A Dataframe can be created from an existing RDD You would create the Dataframe from the existing RDD by inferring schema using case classes in which one of the given classes

0 votes
A Dataframe can be created from an existing RDD. You would create the Dataframe from the existing RDD by inferring schema using case classes in which one of the given classes?

a)  if your dataset has more than 22 fields
b)  if all your users are going to need dataset parsed in same way
c)  if you have two sets of users who will need the text dataset parsed differently
d)  we cannot create a data frame in RDD
Nov 25, 2020 in Apache Spark by ritu
• 960 points
3,951 views

1 answer to this question.

0 votes

Hi@ritu,

You can create a data frame from an existing RDD. You can see the below example.
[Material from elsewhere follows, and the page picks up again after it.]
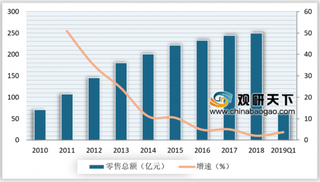 2019年我国户外用品行业市场增速放缓 消费区域性明显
SparkSession.createDataFrame(RDD obj).
val dfWithoutSchema = spark.createDataFrame(rdd)
dfWithoutSchema.show()
+------+--------------------+
|    _1|                  _2|
+------+--------------------+
| first|[2.0, 1.0, 2.1, 5.4]|
|  test|[1.5, 0.5, 0.9, 3.7]|
|choose|[8.0, 2.9, 9.1, 2.5]|
+------+--------------------+

So I think you can go with option B.

answered Nov 25, 2020 by akhtar
• 38,230 points

Related Questions In Apache Spark

0 votes
1 answer

7)From Schema RDD, data can be cache by which one of the given choices?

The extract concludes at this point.